Diante disso, e mesmo depois de toda a frágil argumentação filosófica de Schwartsman, em seu artigo “Por que torço para que Bolsonaro morra”, só posso torcer para que Schwartsman viva. Torço para que ele viva porque, graças à ética e compaixão cristãs, não mais vivemos no tempo da barbárie. Torço para que ele viva porque, mesmo aos moldes dos intelectuais que defendiam o nazismo e o comunismo, essa pobre alma carece de iluminação e perdão. É certo que uma sociedade altamente secularizada não dá conta desse tipo de compreensão. A cultura da compaixão só pode ser acessada por sociedades e indivíduos que se lançam para além de si mesmos, isto é, para o plano da transcendência.
Tanto o pobre Schwartsman como os que endossaram o seu artigo não compreenderam a beleza da compaixão e da ética cristã. Em suas parcas visões de mundo e de si mesmos, adotam e defendem filosofias defeituosas como o consequencialismo, fruto do utilitarismo ou do pragmatismo, ambas filosofias utilizadas para justificar – em parte – ações inescrupulosas como os genocídios ocorridos no século XX.
Por fim, torço para que Schwartsman viva para que ele encontre o verdadeiro sentido da vida.

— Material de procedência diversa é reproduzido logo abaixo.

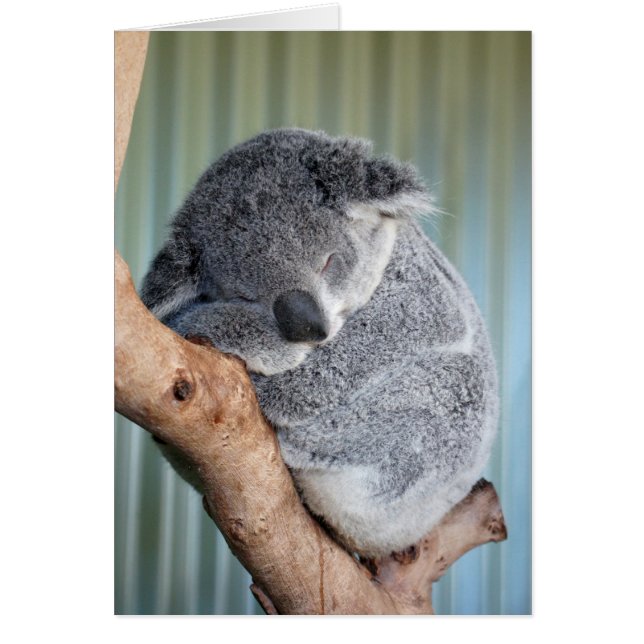 Sleepy Koala (Vorne)
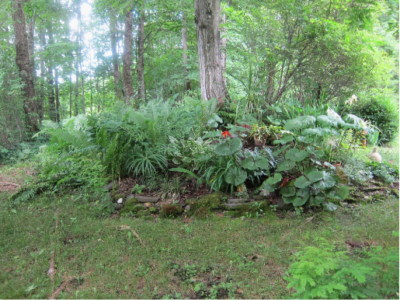 photo of a flower garden planted around a tree trunck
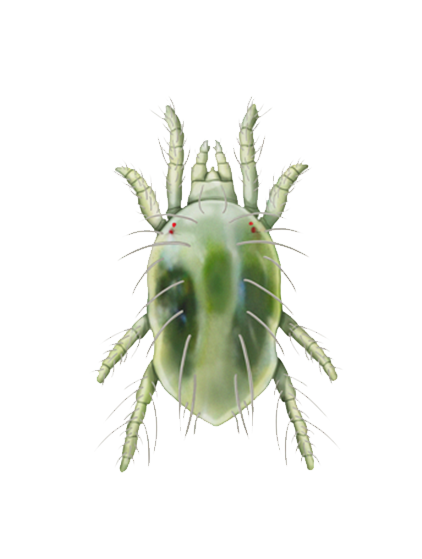 Tetranychus urticae deutonymph
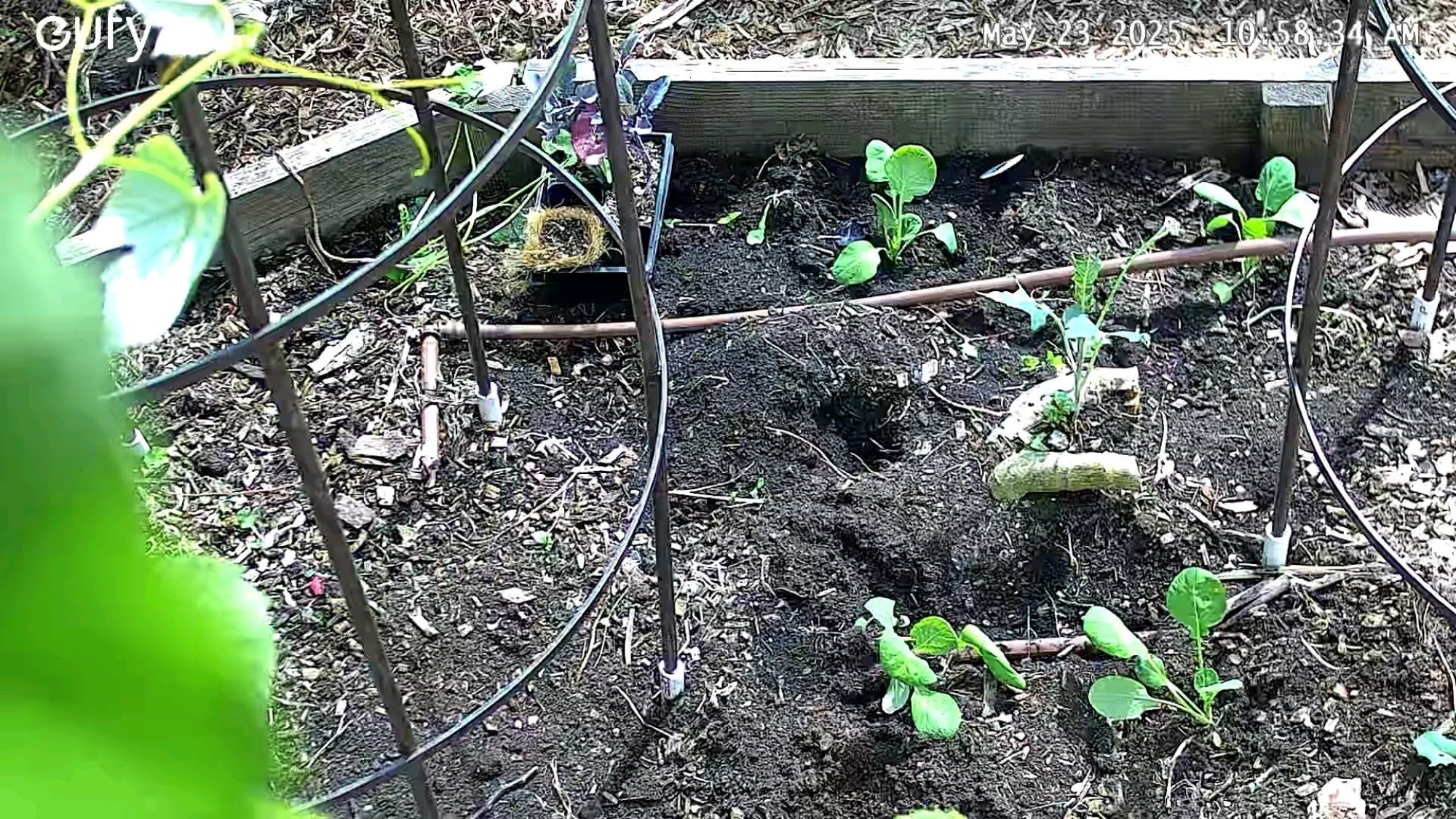 Close up of plants via security cam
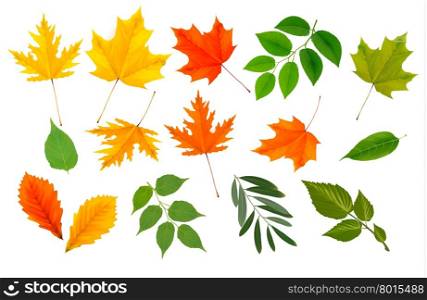 Big collection of colorful leaves. Vector illustration.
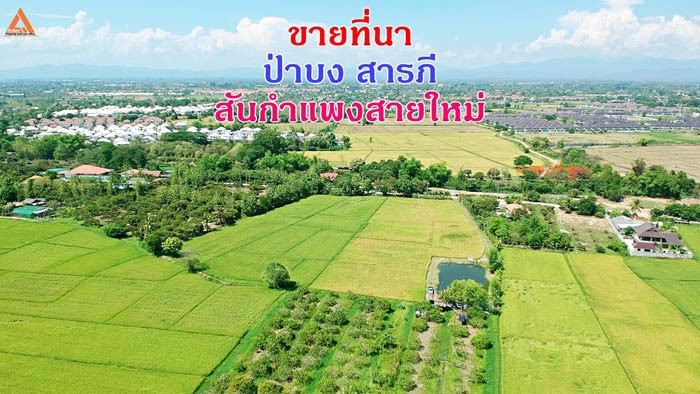 ขายที่นา-ตำบลป่าบง-อำเภอสารภี-สันกำแพงสายใหม่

Torço para que ele perdoe e seja perdoado. Contudo, que ele possa se lembrar de que a sua própria razão ou seu próprio pathos não dão conta de tal reconhecimento. Como escreveu o filósofo e teólogo checo Tomáš Halík em seu livro Não sem esperança, o perdão é uma arte divina, nós a aprendemos de Deus, por nós mesmos jamais seríamos capazes de praticar o perdão.
Eis as razões por que torço para que Schwartsman viva.
[1] República 5.460c.
[2] A Política, A regulamentação dos casamentos e dos nascimentos.